Move an entire element in with lxml.etree

Within lxml, is it possible, given an element, to move the entire thing elsewhere in the xml document without having to read all of it's children and recreate it? My best example would be changing parents. I've rummaged around the docs a bit but haven't had much luck.
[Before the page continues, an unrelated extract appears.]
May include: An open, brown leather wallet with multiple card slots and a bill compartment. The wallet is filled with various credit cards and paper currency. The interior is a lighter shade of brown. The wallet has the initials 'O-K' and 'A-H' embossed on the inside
Thanks in advance!
.append, .insert and other operations do that by default
>>> from lxml import etree
>>> tree = etree.XML('<a><b><c/></b><d><e><f/></e></d></a>')
>>> node_b = tree.xpath('/a/b')[0]
>>> node_d = tree.xpath('/a/d')[0]
>>> node_d.append(node_b)
>>> etree.tostring(tree) # complete 'b'-branch is now under 'd', after 'e'
'<a><d><e><f/></e><b><c/></b></d></a>'
>>> node_f = tree.xpath('/a/d/e/f')[0] # Nothing stops us from moving it again
>>> node_f.append(node_b) # Now 'b' and its child are under 'f'
>>> etree.tostring(tree)
'<a><d><e><f><b><c/></b></f></e></d></a>'
Be careful when moving nodes having a tail text. In lxml tail text belong to the node and moves around with it. (Also, when you delete a node, its tail text is also deleted)
>>> tree = etree.XML('<a><b><c/></b>TAIL<d><e><f/></e></d></a>')
>>> node_b = tree.xpath('/a/b')[0]
>>> node_d = tree.xpath('/a/d')[0]
>>> node_d.append(node_b)
>>> etree.tostring(tree)
'<a><d><e><f/></e><b><c/></b>TAIL</d></a>'
Sometimes it's a desired effect, but sometimes you will need something like that:
>>> tree = etree.XML('<a><b><c/></b>TAIL<d><e><f/></e></d></a>')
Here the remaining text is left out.